Je crois que l’écriture relève d’abord de la trame nerveuse de celui qui écrit, de son corps ; tout corps s’affirme de ses tensions viscérales, ses courants, explosions, forces et faiblesses, collisions avec le monde, bonnes et mauvaises rencontres. C’est tout naturellement que me vient cette écriture, je n’ai pas d’autre modèle que ma propre tension nerveuse, la « civilisation de mes catastrophes », celle d’avant les mots, pour le dire pompeusement. Quelque chose en moi se fascine pour les désastres, destructions massives et charniers, épidémies et cataclysmes, terrorismes et révolutions, l’homme en détonation. Je cherchais l’architecture la plus adéquate à cette fascination et à ce que mon corps veut signifier par là, quelle forme donner à mes angoisses, mes colères, à toutes les forces de mon âme en fièvre, forces brisées, foudroyantes, tempétueuses, ressassantes. J’aime la colère, car elle révèle l’abîme de beauté sur lequel danse toute révolte, elle libère l’homme de ses camisoles institutionnelles. Les auteurs dont je me sens viscéralement proche m’attirent d’abord pour cette raison, ce sont de grands nerveux, ils ont la langue taillée dans l’échine ! Mais aussi parce qu’ils sont travaillés par la beauté, la grâce, ce qui indique chez eux une grande délicatesse. Céline, oui, Bloy, pourquoi pas, je ne le connais pas très bien, mais aussi Artaud et Michaud, et puis surtout, c’est évident, Nietzsche. Mais aussi un contemporain immense, boudé par la critique, Marcel Moreau, un maestro. Pour le reste, le sens du rythme, du mouvement, de la grâce, je l’ai appris d’Ophélie L., une danseuse extraordinaire. Ma découverte du ballet classique et contemporain a été une révélation, ça a bouleversé ma vie autant que mon écriture. La femme qui danse est bouleversante de rigueur, de discipline, elle violente son corps, le tord, le malmène, pour le rendre beau, aérien, orageux, c’est un modèle d’écriture. J’aime les constructions qui sentent le vertige comprimé, ou, comme dirait Artaud, la bombe cuite. Une phrase doit sonner comme une déflagration. Mon style vient de là, de ce besoin de sauter sur la syntaxe et la grammaire, comme on saute sur une mine antipersonnel. Ecrire doit être un arrachement et un soulèvement. Mais je crois que je ne suis pas encore allé assez loin dans ce sens. C’est une des gageures de mon prochain roman.

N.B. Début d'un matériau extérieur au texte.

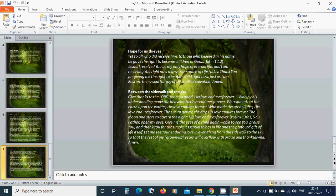Hope for us thieves. Yet to all who did receive him, to those who believed in his name, he gave the right to become children of God. Jesus, I receive you as my only hope of eternal life and I am receiving you right now as my true savior, my true source of life today. Thank you for giving me the right to be your child right now just as I am. Restore to my soul the joy of this radical salvation. Amen.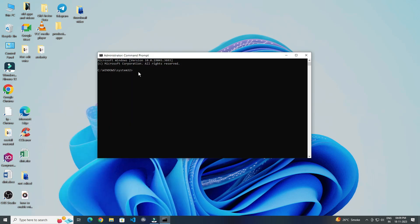Now for example I show you how to run commands. For running command as administrator you have to type the command you want, like this, and after that you have to press enter.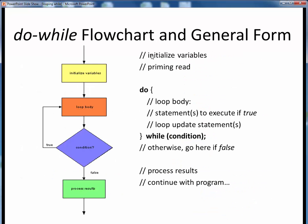By contrast, here again is the flowchart for the do-while loop, and the corresponding code structure for it. Just like for the while loop, we have the initialization of any variables, but part of that now including any needed priming read to get the loop underway for the first pass. The loop begins instead with the do keyword, then followed by the body of the loop.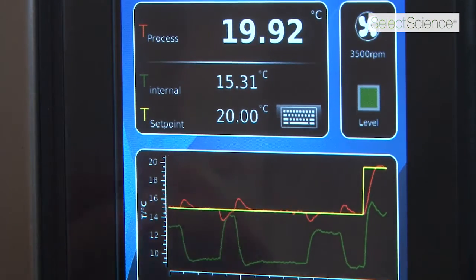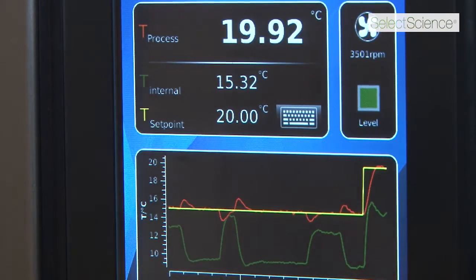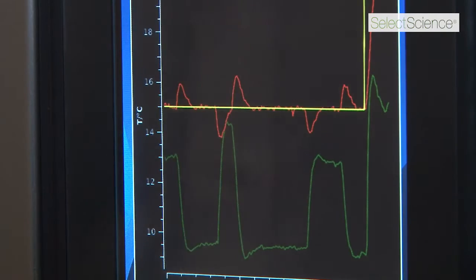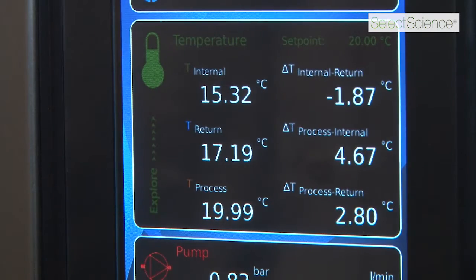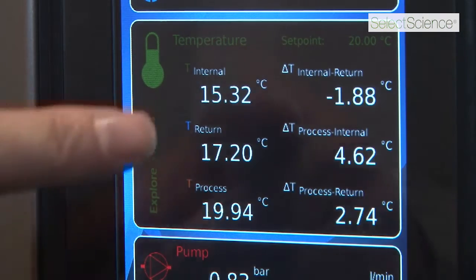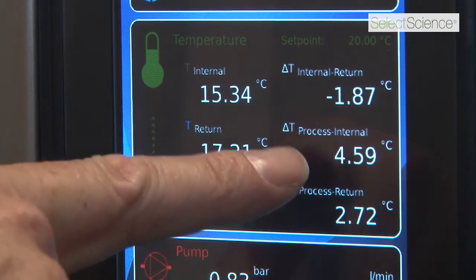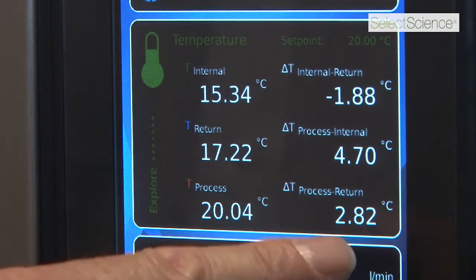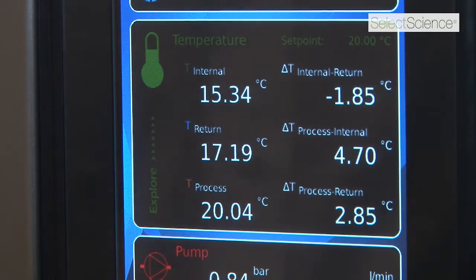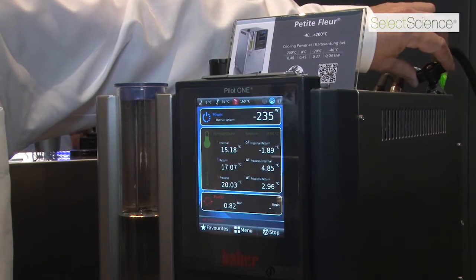The yellow is the set point, the red is the process temperature, and the green is the heat transfer fluid temperature — or if you like, the jacket temperature. I can scroll through the screens to take a closer look at the relationship between those curves. The final screen shows me in a snapshot the differences in temperature between the jacket temperature and the return temperature of the heat transfer fluid, the process temperature and the jacket temperature, and the difference between the process temperature and the temperature of the thermal fluid as it returns to the thermostat. By using a simple ball valve, you can adjust the flow rate of the thermal fluid and see what effect that has on the control of the reaction.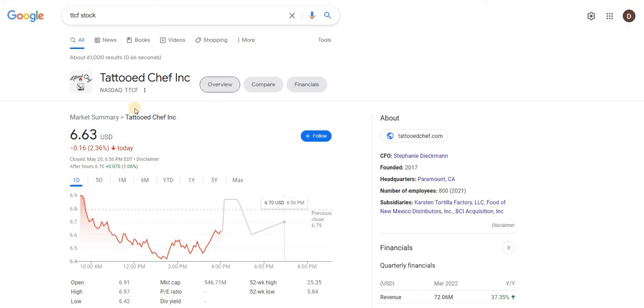Welcome back to another video. Today I want to talk about Tattooed Chef. Tattooed Chef is a plant-based company within the stock market and is getting a lot of attention from YouTubers and other social media influencers.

Certaines attaques sont dirigées vers des personnalités clairement identifiables, même si jamais nommément citées. La version publiée est-elle conforme à votre première intention, ou avez-vous dû effacer des noms ?

Je ne vois pas de qui vous voulez parler ! N’importe quel auteur pourrait se retrouver dans les portraits que je brosse dans Pogrom, moi y compris. Je n’aime pas les mondanités, pas plus que les arrivistes sans talent, il y en a beaucoup dans ce milieu, et je ne suis pas sûr qu’ils s’en rendent compte ! L’essentiel c’est le travail qu’on fait chez soi, le soin qu’on apporte à son écriture, et non d’être de toutes les soirées, on s’y ennuie beaucoup à vrai dire, mais c’est un excellent laboratoire pour étudier les vanités humaines, ce sont de drôles d’oiseaux les écrivains parisiens. Des auteurs dont je n’aime pas les romans, le style, parce que je les trouve fades, sans intérêt, sans portée, il y en a quelques uns, et je vous laisse le soin de les critiquer à ma place, je le fais largement dans Pogrom, mais à quoi bon chercher à les identifier, ce sont des types, des caractères, des synthèses inspirés de personnalités réelles, mais transposés par l’écriture.
Mon éditeur n’a rien exigé de moi, si j’ai choisi de ne nommer personne, c’est par souci de ne pas tomber dans le name dropping, travers people qui ne satisfait que les mesquins et autres obsédés du ragot ! A quoi sert-il de lancer une polémique sans intérêt, sans grandeur, autour de la merde que chient certains auteurs ? Leur succès est navrant, mais plus navrant encore est de voir des types s’exciter pour si peu de choses. Il y a des motifs d’énervement bien plus élevés ! Il faut se choisir un adversaire de taille : taper sur une lopette de la littérature, c’est un peu comme taper sur une femme, ça fait morveux !

Vous placez dans la bouche d’un personnage arabe une longue tirade sur les juifs, truffée de clichés antisémites. Le roman lui-même est dédié « aux Noirs et aux Arabes ». Le jeu avec la ligne jaune, la provocation et le sarcasme semblent faire partie intégrante de votre projet littéraire. Vous imposez-vous des limites, ou prenez-vous le parti du franchissement délibéré de toute limite, quitte à verser dans la facilité, le mauvais goût, l’aberration ?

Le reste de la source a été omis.